Dans sa lettre, la directrice âgée de 58 ans évoque aussi "la course aux enseignants faite le samedi après-midi pour le lundi", et les multiples "soucis à régler" qui occupent le temps de travail "bien au-delà du temps rémunéré", avant d'assurer ne pas faire confiance "au soutien et à la protection que devrait nous apporter notre institution".
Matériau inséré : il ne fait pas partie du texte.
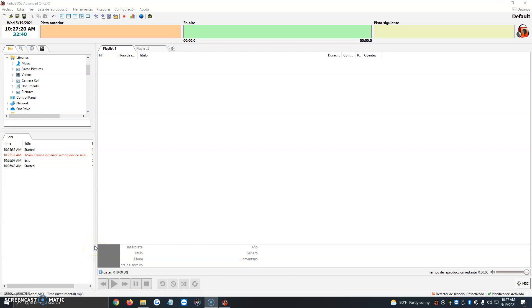Hi. In this video, I'm going to be showing you how to add music to Radio Boss. Radio Boss is a program we use for radio streaming or internet radio streaming.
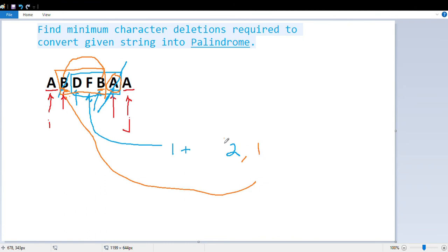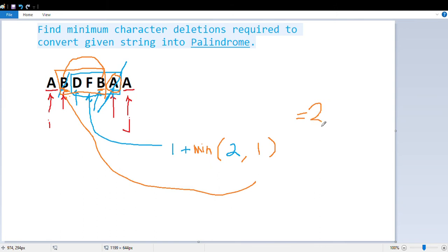We take the minimum of the two choices. Minimum of 3 and 2 is 1 from the inner result, giving us 1 plus 1 equals 2. So we need to delete two characters to make the complete string a palindromic sequence.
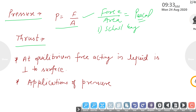After that, thrust. Thrust is nothing but the perpendicular force applied by any fluid or liquid on an object. It is always perpendicular to the surface of the object.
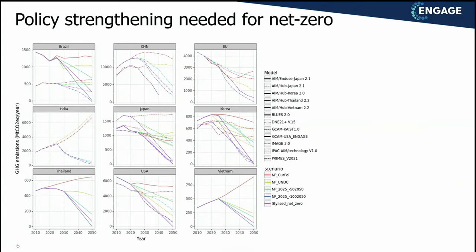These are the results — slides for different countries that were part of Engage: Brazil, China, EU, India, Japan, Korea, Thailand, USA, and Vietnam. In some cases you see multiple lines because there were multiple teams participating. For Thailand, which has only one team, we see first the current policy scenario in red, the NDC analyzed in yellow, and then the mitigation targets we asked them to run: the 50% emission reduction, 100% emission reduction, and the stylized net zero run. This gives a very rich set of country-specific scenarios.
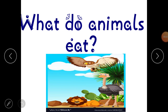Hello my dear students, how are you all? I hope you all are fit and fine. I welcome you all in the last part of Chapter One, and that is 'What do animals eat?' In this last part of Chapter One, we are going to discuss about food habits of animals — what do animals eat.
"On a de plus en plus de pression qui arrive du ministère"

L'événement a bouleversé les parents d'élèves qui décrivent une directrice très engagée dans son travail: "Elle était présente, c’était une directrice d’école extrêmement impliquée. Elle connaissait tous les enfants par leurs prénoms, elle était extrêmement professionnelle, avec elle on savait nos enfants en sécurité", assure une parent d’élève à BFMTV

Une situation qui ferait écho à celle de beaucoup de personnels enseignants, estime une autre directrice d'établissement: "On peut tous s’y reconnaître. Les conditions de travail sont de plus en plus difficiles, on a de plus en plus de pression qui arrive du ministère et on perd le goût de notre métier qui se retrouve dénaturé", assure à BFMTV Marie-Hélène Plard, secrétaire départementale du Syndicat national unitaire des instituteurs, professeurs des écoles et PEGC de Seine-Saint-Denis (SNUipp 93).

Depuis lundi et la découverte du corps de la directrice de 58 ans, une cellule d’écoute est sur place et doit rester mobilisée le temps nécessaire pour accompagner professeurs, enfants et parents. Des professeurs remplaçants sont également mobilisés pour appuyer les équipes très choquées.